Zhang Chenwei, Condon Anne, Dao Duc Khanh
Department of Computer Science, University of British Columbia, ICICS/CS Building 201-2366 Main Mall, Vancouver BC V6T 1Z4, Canada.
Department of Mathematics, University of British Columbia, 1984 Mathematics Road, Vancouver BC V6T 1Z2, Canada.
Brief Bioinform. 2025 Jul 2;26(4). doi: 10.1093/bib/bbaf322.

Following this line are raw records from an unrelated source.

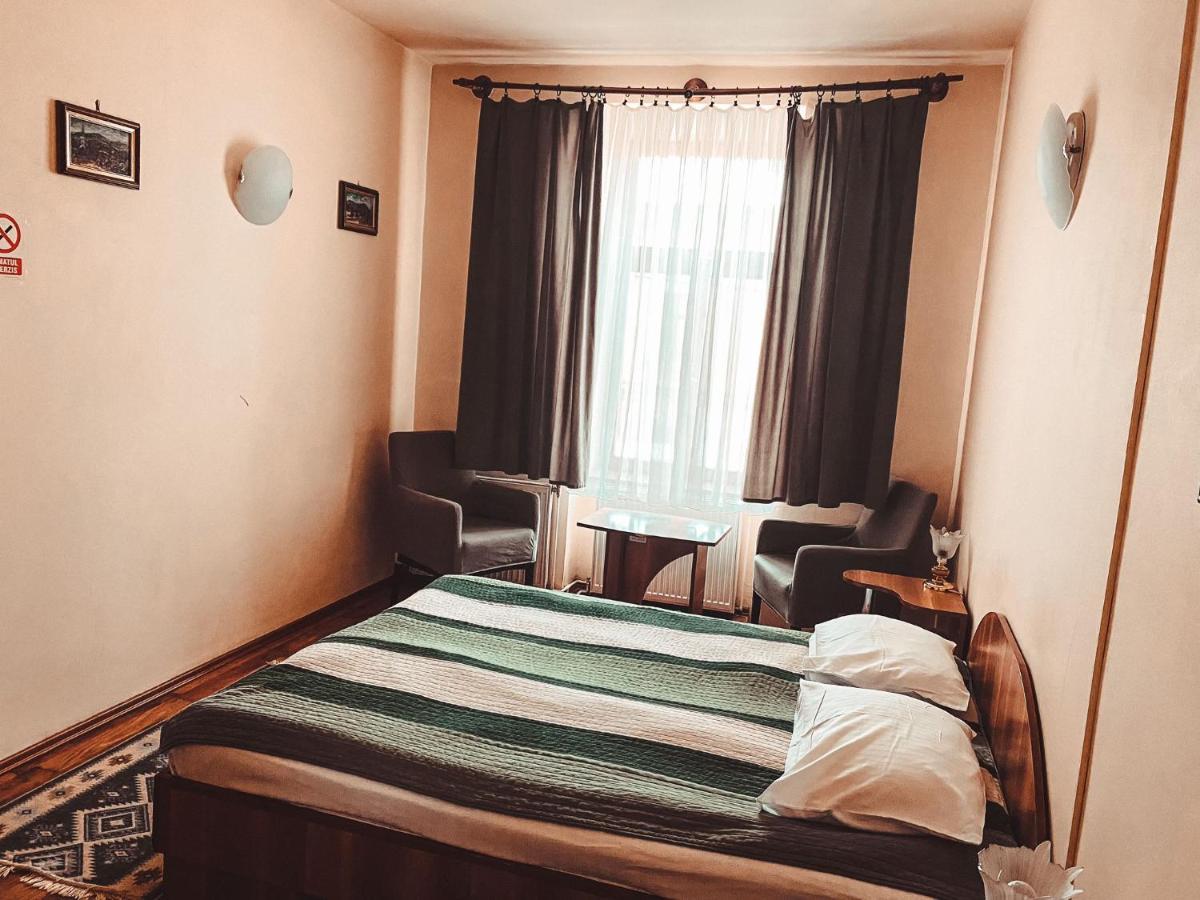 Vila Royal Hotel Sighetu Marmaţiei Esterno foto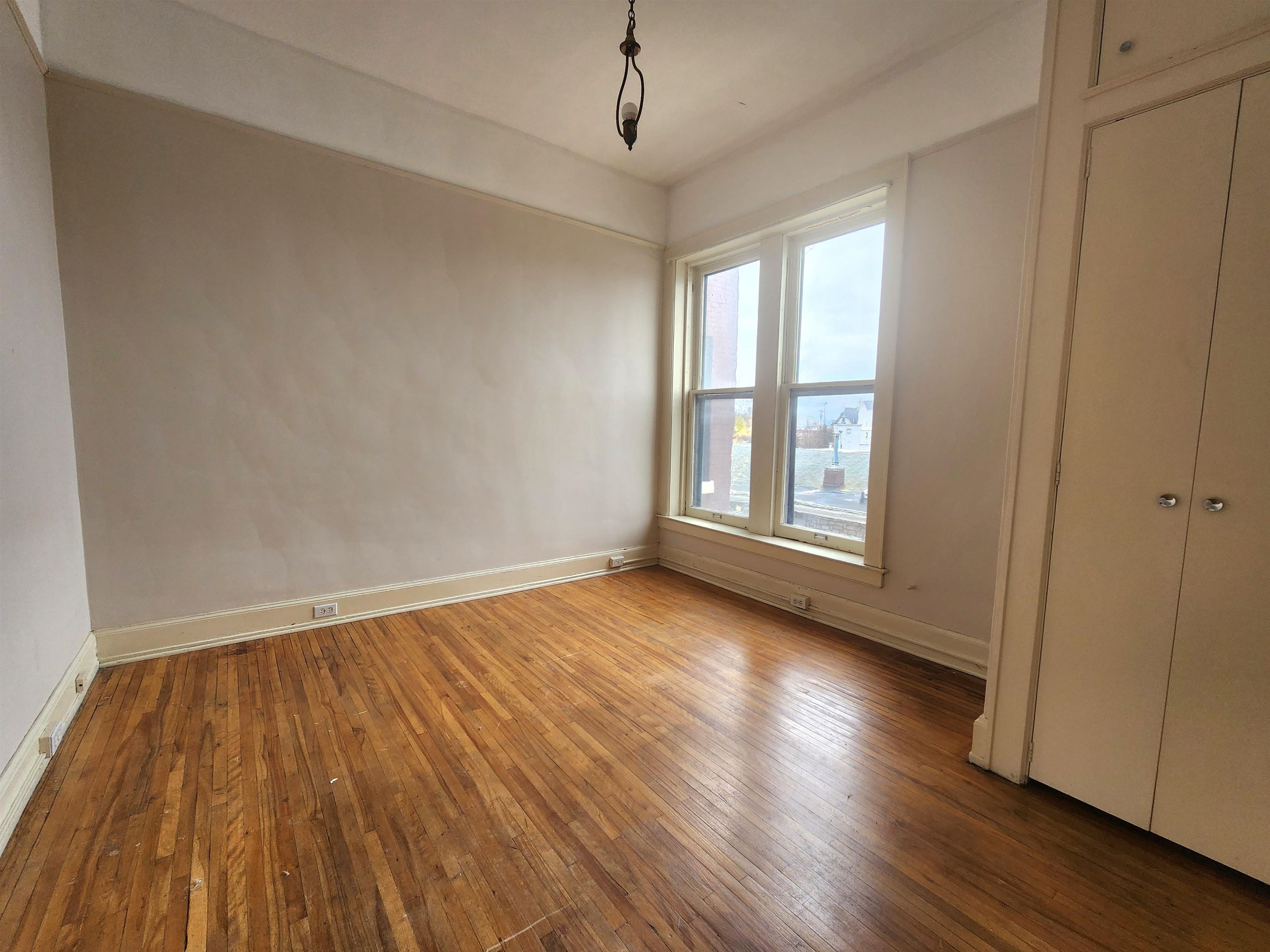 814 Center Apt D Avenue Property Photo 6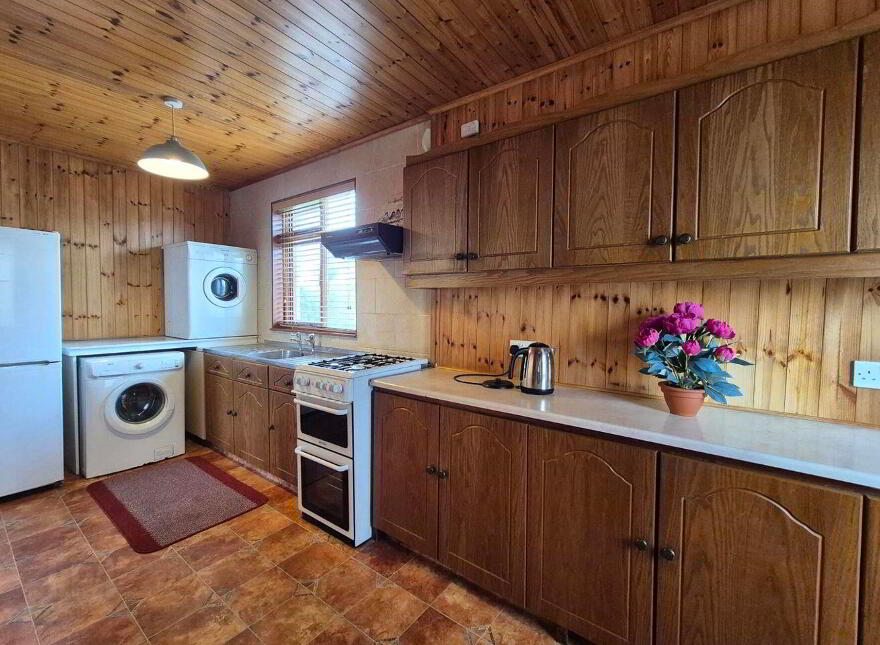 Inisfree, Dublin Road, Tuam, H54HV83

Advancements in deep learning (DL) have recently led to new methods for automated construction of atomic models of proteins, from single-particle cryogenic electron microscopy (cryo-EM) density maps. We conduct a comprehensive survey of these methods, distinguishing between direct model building approaches that only use density maps, and indirect ones that integrate sequence-to-structure predictions from AlphaFold. To evaluate them with better precision, we refine standard existing metrics, and benchmark a subset of representative DL-methods against traditional physics-based approaches using 50 cryo-EM density maps at varying resolutions. Our findings demonstrate that overall, DL-based methods outperform traditional physics-based methods. Our benchmark also shows the benefit of integrating AlphaFold as it improved the completeness and accuracy of the model, although its dependency on available sequence information and limited training data may limit its usage.
深度学习(DL)的进展最近催生了一些新方法,可根据单颗粒低温电子显微镜(cryo-EM)密度图自动构建蛋白质原子模型。我们对这些方法进行了全面的调查,区分了仅使用密度图的直接模型构建方法和整合来自AlphaFold的序列到结构预测的间接方法。为了更精确地评估它们,我们改进了现有的标准指标,并使用50个不同分辨率的cryo-EM密度图,将一组代表性的DL方法与传统的基于物理的方法进行基准测试。我们的研究结果表明,总体而言,基于DL的方法优于传统的基于物理的方法。我们的基准测试还显示了整合AlphaFold的好处,因为它提高了模型的完整性和准确性,尽管其对可用序列信息的依赖和有限的训练数据可能会限制其使用。